Sat Jul 2 02:15:28 UTC 2022

Fred said:
>> If anyone knows of specific state projects that have a lot of material
>> not included in Chronicling America, I would love to hear about them.

Thanks to everyone who has commented on this thread.

Having to visit fifty separate state databases and deal with fifty
separate user interfaces would be a nightmare. Organizations of
historians, librarians, archivists, and linguists (including the
American Dialect Association) should be pushing to improve this
situation.

Archivists employed by U.S. states should be coordinating with one
another to create a standard format for scans and metadata derived
from books, magazines, journals, newspapers and other documents.
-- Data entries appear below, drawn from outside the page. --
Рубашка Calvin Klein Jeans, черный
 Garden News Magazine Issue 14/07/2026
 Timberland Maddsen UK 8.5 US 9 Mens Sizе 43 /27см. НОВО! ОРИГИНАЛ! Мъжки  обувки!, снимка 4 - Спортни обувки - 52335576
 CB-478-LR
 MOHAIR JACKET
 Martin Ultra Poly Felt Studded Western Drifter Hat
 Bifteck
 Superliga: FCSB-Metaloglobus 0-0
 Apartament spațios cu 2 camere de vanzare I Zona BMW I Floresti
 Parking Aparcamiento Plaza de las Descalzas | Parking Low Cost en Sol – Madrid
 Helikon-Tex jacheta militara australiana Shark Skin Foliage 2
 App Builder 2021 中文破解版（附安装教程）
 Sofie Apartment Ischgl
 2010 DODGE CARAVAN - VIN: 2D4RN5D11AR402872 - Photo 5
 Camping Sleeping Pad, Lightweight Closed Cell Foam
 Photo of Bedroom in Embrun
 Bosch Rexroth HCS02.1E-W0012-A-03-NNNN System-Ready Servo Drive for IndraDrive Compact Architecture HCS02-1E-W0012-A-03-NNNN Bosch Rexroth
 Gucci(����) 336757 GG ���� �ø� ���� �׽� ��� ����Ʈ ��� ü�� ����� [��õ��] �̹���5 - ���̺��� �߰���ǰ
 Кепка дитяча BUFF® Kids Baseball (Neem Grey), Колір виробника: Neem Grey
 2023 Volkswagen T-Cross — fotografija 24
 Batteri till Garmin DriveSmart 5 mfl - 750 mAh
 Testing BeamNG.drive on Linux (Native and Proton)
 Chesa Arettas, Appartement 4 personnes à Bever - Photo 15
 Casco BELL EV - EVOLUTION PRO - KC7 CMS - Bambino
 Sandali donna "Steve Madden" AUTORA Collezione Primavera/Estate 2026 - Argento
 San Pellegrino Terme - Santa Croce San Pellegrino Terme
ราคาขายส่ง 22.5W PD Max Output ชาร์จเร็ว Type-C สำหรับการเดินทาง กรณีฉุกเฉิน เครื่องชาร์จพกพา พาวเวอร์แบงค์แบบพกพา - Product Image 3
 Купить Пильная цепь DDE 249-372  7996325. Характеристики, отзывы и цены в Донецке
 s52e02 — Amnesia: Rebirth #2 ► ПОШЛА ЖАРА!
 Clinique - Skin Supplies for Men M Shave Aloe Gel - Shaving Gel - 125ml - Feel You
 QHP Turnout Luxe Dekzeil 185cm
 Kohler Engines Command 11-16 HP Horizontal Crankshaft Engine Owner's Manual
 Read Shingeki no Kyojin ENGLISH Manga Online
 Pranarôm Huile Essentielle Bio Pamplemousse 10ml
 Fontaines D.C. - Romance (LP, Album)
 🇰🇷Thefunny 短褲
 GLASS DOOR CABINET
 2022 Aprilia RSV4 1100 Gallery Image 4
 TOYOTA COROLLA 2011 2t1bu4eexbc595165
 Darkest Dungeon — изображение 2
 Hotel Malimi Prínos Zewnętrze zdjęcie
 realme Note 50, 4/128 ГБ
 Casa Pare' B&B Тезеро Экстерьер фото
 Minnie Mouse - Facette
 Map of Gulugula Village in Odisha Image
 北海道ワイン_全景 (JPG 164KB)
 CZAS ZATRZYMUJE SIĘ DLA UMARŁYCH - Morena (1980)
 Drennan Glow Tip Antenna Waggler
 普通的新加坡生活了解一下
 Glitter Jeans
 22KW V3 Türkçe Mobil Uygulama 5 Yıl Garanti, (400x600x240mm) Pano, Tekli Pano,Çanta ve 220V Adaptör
These
scans should be aggregated into a single searchable database with a
high-quality user interface.

There should be ongoing research to create the best possible optical
character recognition (OCR) engine. The OCR engine should be
maintained as an open source piece of software available to all.
Periodically, the  scans should be processed by the latest-best OCR
engine and a comprehensive index of all the text should be
constructed.

Is the Internet Archive doing this? Is HathiTrust doing this? Is
Chronicling America (Library of Congress) doing this?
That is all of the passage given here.